DOMINICK TAVELLA, DIVERSIFIED PRIVATE WEALTH ADVISORS PRESIDENT: OK. So, Sajid, I have a -- to know here, I have a client, Pakistani-Muslim immigrated to this country over decade here, raised his children here. He's voted Republican every year. He has the ability to do so. He swore he would never vote Republican ever again after hearing Donald's remarks. Do you worry about this at all? Is this going to have an effect on the election?

TARAR: Reason, first of all, he's the first candidate -- he's rewriting history and democracy. He has rejected all the political correctness and he has brought this on the table. This is an issue. Look at what happened in France this morning, I mean, how are we going to deal with it if we don't identify it. We have to look in to eye to eye to this issue, and we have to come with a solution. Of course, we will make some mistakes, but this is part of the process. We have to work through it. We don't want this country to become another Europe. Yes, I will say, Donald Trump, he has explained that we will make sure that we stop immigration happening from the troubled parts of the world, and that's the solution. We have big steps, and now, words are not enough. Now is the time has come up and some strong action needed, it's required. And I definitely agree with Donald Trump. There is no other candidate who is just playing with it.

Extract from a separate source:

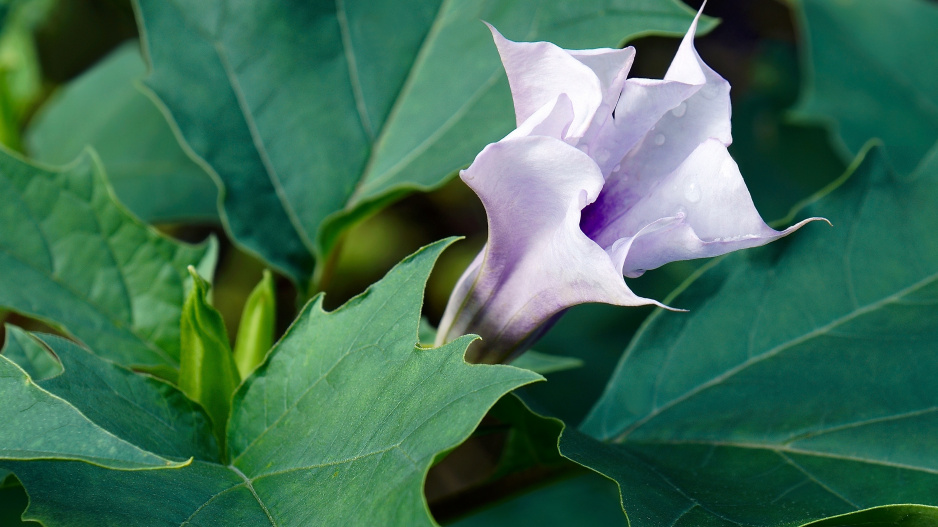 Květ durmanu (Datura)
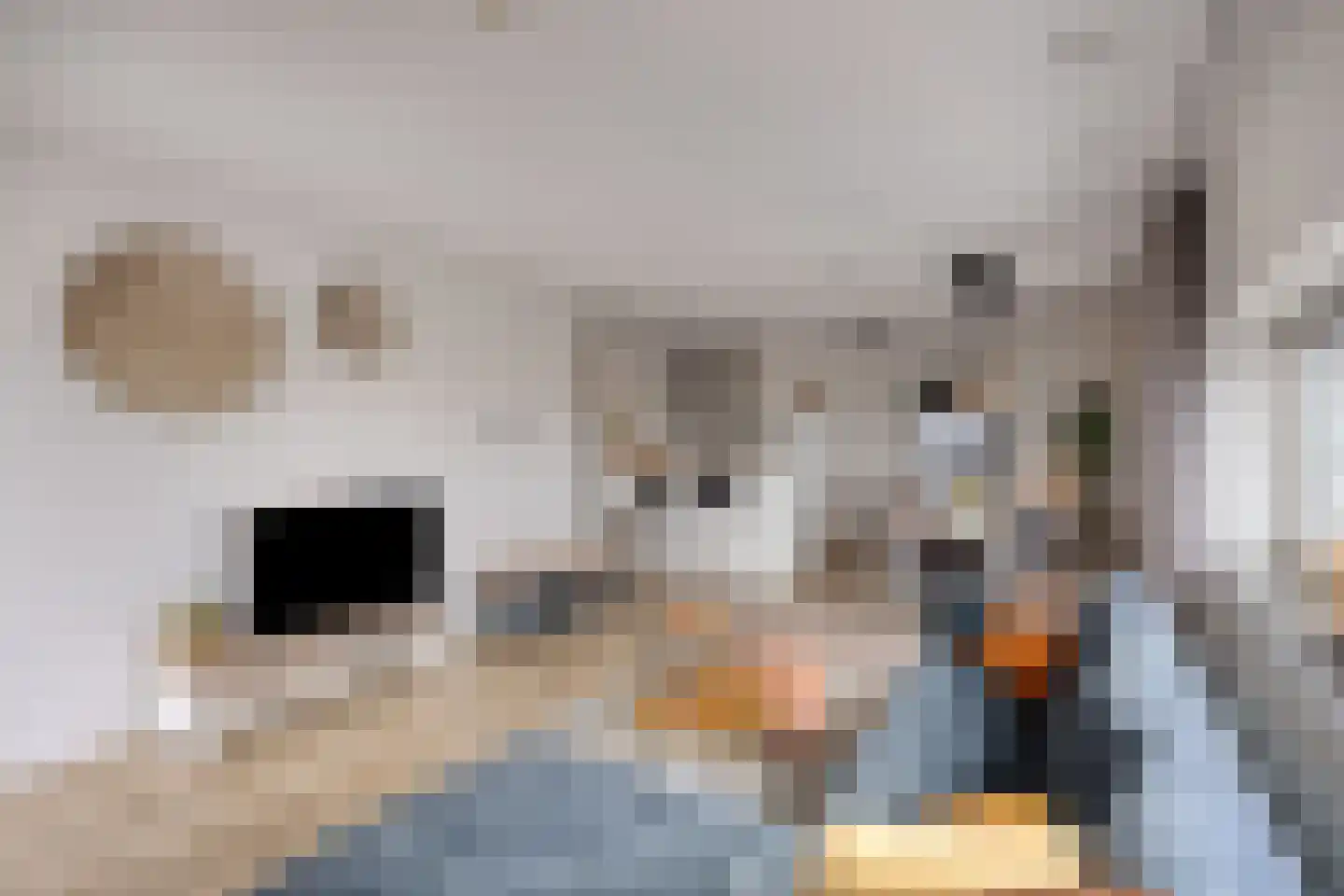 Achter de Cattentoren 33 Roermond thumbnail 28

SMITH: OK. All right, we've got to leave it there. Saba and Sajid, thank you for joining us and giving your thoughts on all of these this morning, good to have you both.

AHMED: Thank you.

TARAR: Well, thank you so much, thanks.

SMITH: All right, coming up, is a trillion dollar revenue out of the question? Jack Ma's lofty new goals for Alibaba next. Plus, as the world mourns, Hollywood reacts to the devastating events in Orlando. Breaking Bad actor turned politician, Steven Michael Quezada, is here to weigh in.

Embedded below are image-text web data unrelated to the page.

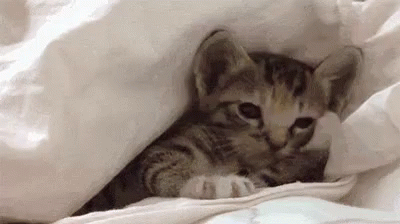 Sleepy Kitty GIF - Cat Kitten Cats GIFs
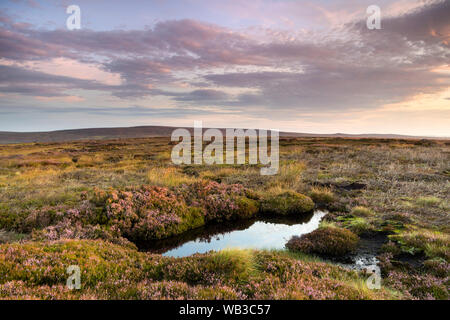 Teesdale, County Durham, UK. 24th August 2019. UK Weather.  It was colourful start to the Bank Holiday weekend on the moors of the North Pennines as the rising sun began to illuminate the flowering heather. With a good forecast for the next few days walkers and other outdoor enthusiasts could enjoy some spectacular views over the moors and mountains of Northern England. Credit: David Forster/Alamy Live News Stock Photo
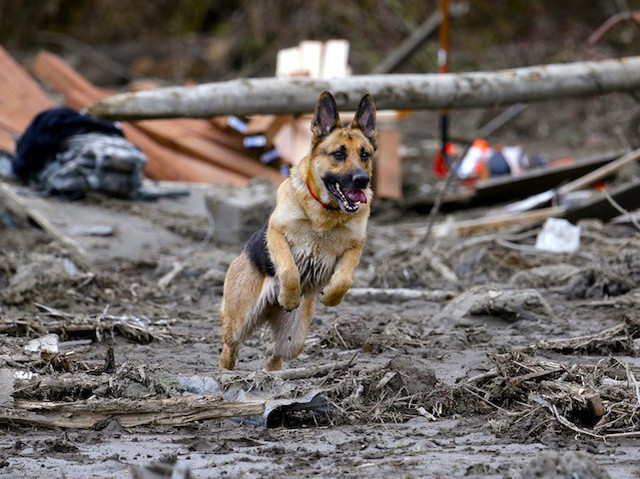 Dogs are simply amazing. They've been helping with the search and rescue mission. 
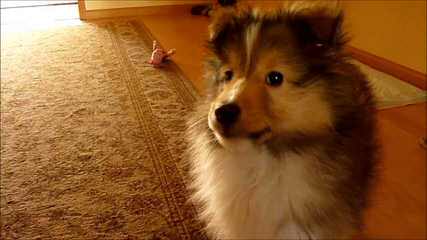 Morrow Shelties – Shetland Sheepdog - Dog Breeders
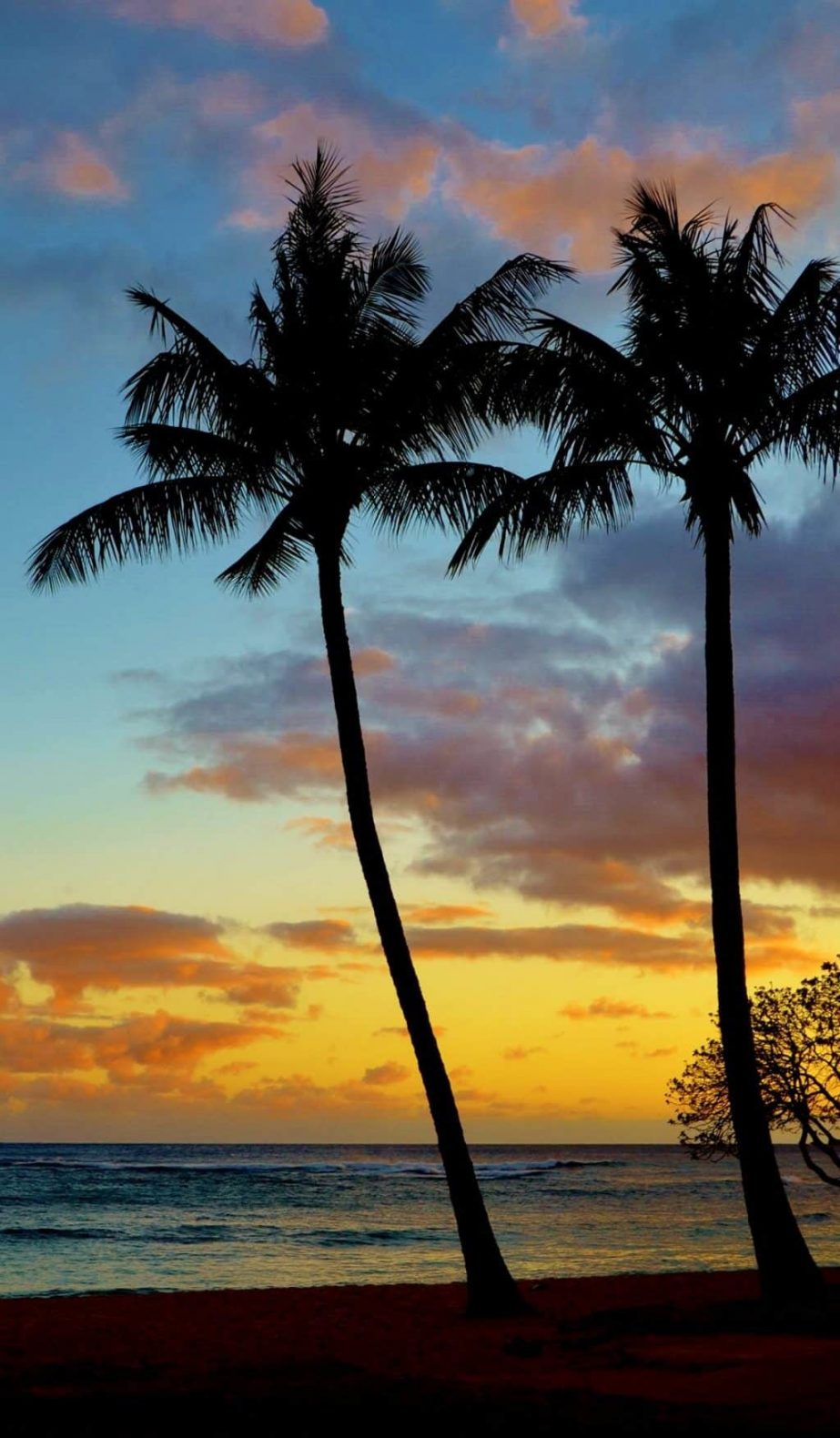 Aloha Friday Photo: Two palm sunset - Go Visit Hawaii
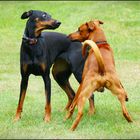 Dober(mann)frau und Dobermann Bastard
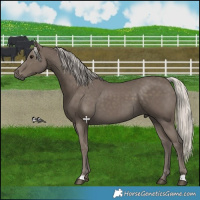 Horse Color:Silver Smoky Black 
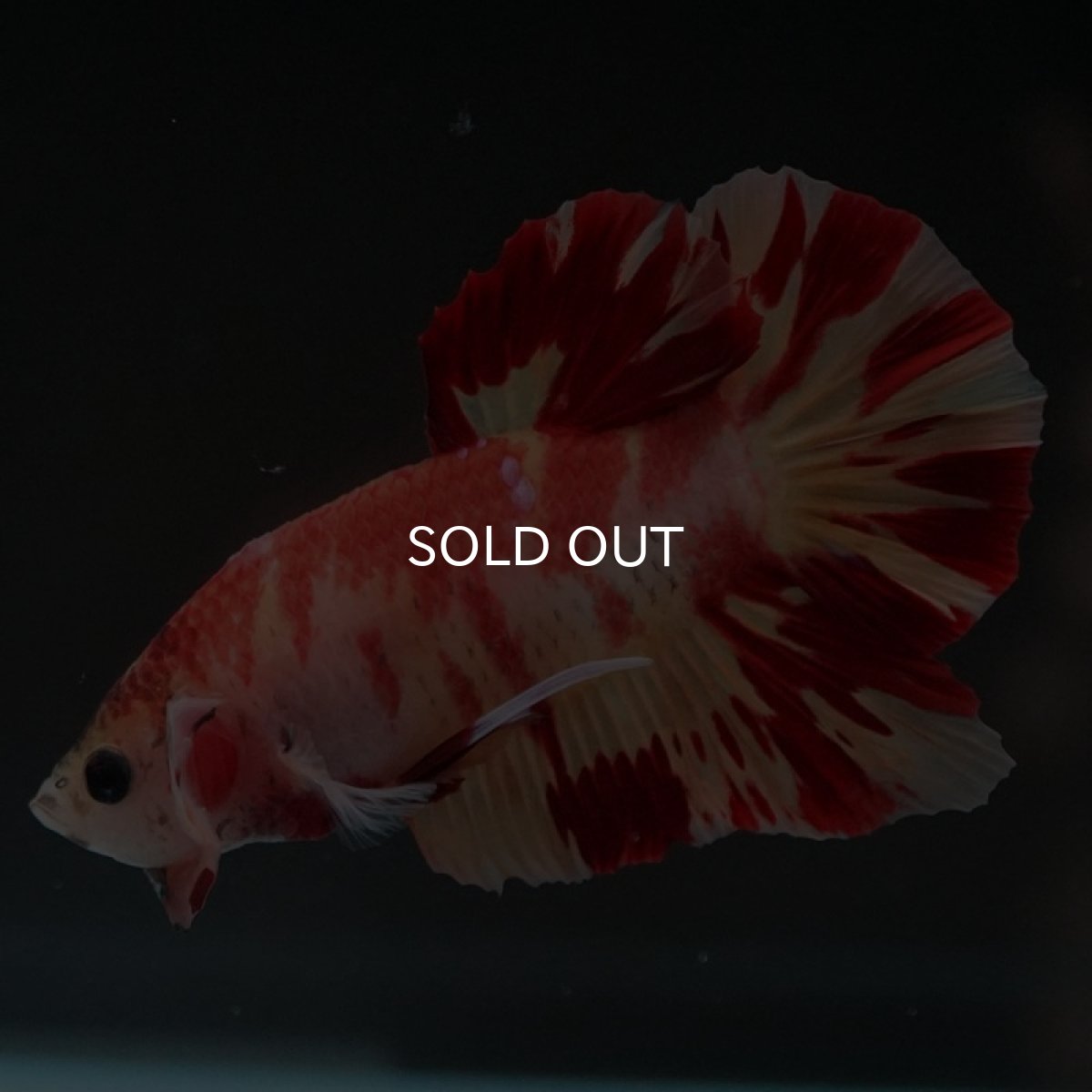 画像3: HMPK　ニモ (3)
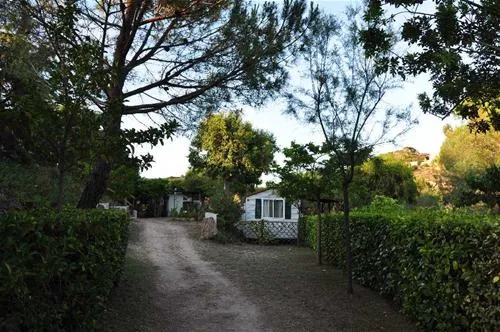 camping-tavolara-loiri-porto-san-paolo-bhofd
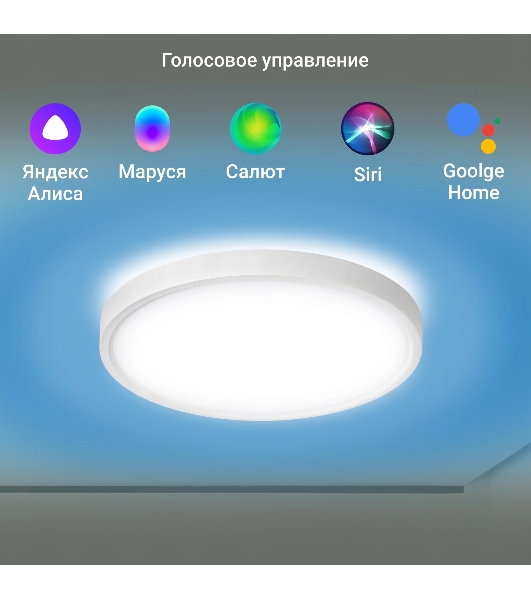 Умный светильник Digma TopLight TL40 потолоч. белый (TL40)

SMITH: Welcome back. We're about 45 minutes away from the opening bell. Take a look at some stocks on the move this morning, Alibaba shares looking to open higher, the company providing an update on its financials for the first time. It's the annual revenues rising 48 percent for the year, that coming in above analyst's expectations, and it's expected to nearly double transaction volumes by 2020, the stock up a couple of dollars in the premarket. Well, Kellogg announcing a recall of certain snack foods, including some Keebler cookies and special cake brownies. The company said the recall products contain traces of peanuts that could cause allergic reactions. The stock is up 6 percent so far this year. It's pretty much flatling in the premarket session.

Well, the yield on Europe's benchmark bond, the 10-year German bund going negative today for the first time ever. This has investors awaits Britain's vote on June 23rd, determining whether it will remain in the European Union. Joining me now the host of Varney & Co., Stuart Varney, he's got some thoughts on this. Good morning, Stuart.

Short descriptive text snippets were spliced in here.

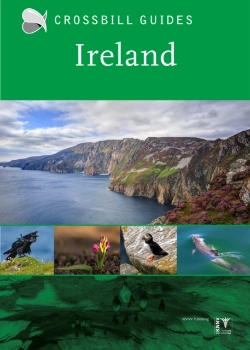 Bertrand.pt - Ireland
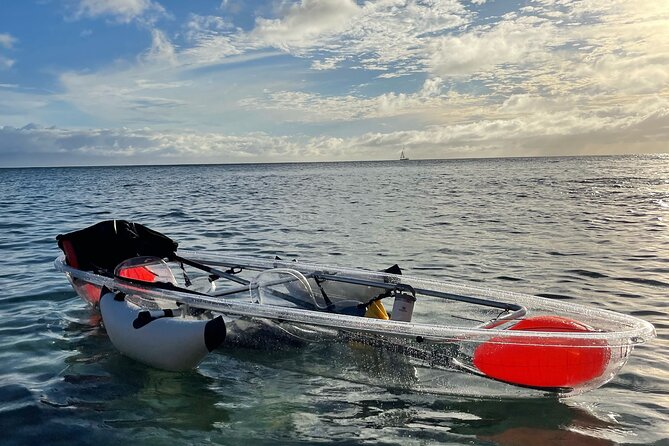 Clear Bottom Glassy Kayak Rental | MAUI | Safe and Stable Kayaks - Why This Kayak Rental Is a Good Pick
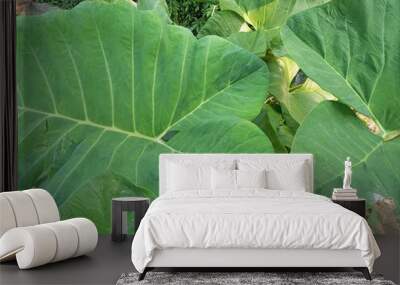 exotic green taro leaves in garden Wall mural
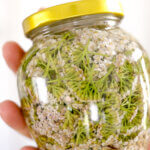 yarrow tincture in a jar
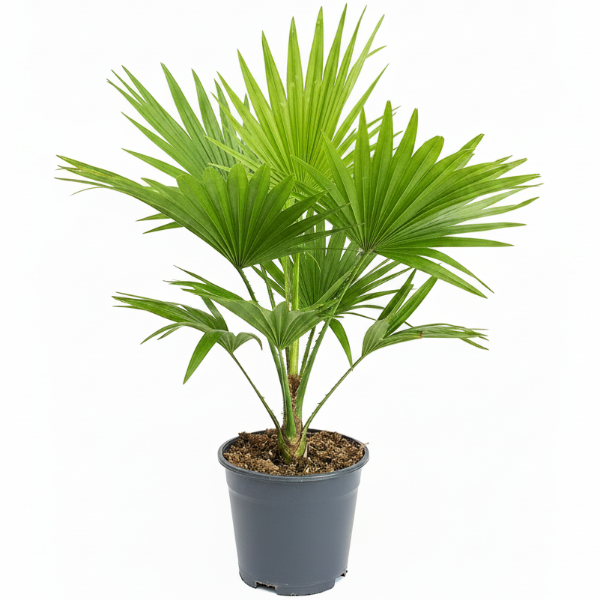 Livistona Palm, Footstool Palm, Table Palm, Fan Palm – image 1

STUART VARNEY, VARNEY & CO. HOST: Good morning, Sandra.

SMITH: What do you think?


VARNEY: I'm shock.

SMITH: The exit? What's going to happen?

VARNEY: Look, I am absolutely shocked that Germany, the most powerful and biggest economy in Europe, now has the confiscation of money. That's how I explain it. May I'm not technically accurate, but negative interest rates means that you lend money to the German government -- you don't get it all back. There's no interest involved. No, you don't get it all back. They keep a piece of your money. They confiscate a piece of your money. Who would've ever thought that this would happen in our lifetimes in Germany? I find it, Sandra, absolutely incredible that this is happening right now. Have you ever seen anything like this before?


VARNEY: How do we explain this?

SMITH: Because it haven't happen before.

DAGEN MCDOWELL, FOX BUSINESS NETWORK: But, Stuart, we've seen the things that craziest people paying their rent with butter during the Weimar Republic, when it was runaway inflation. So, never underestimate the craziness of the economic society in Germany.

TAVELLA: But, Stuart, But this actually speaks to the fear trade, right? This is the fear of not getting your money back, so you're willing to give it to the German government just so the idea that you'll get most of it back. Any other instrument out there is at risk. And If the E.U. falls apart, it could be significantly at risk.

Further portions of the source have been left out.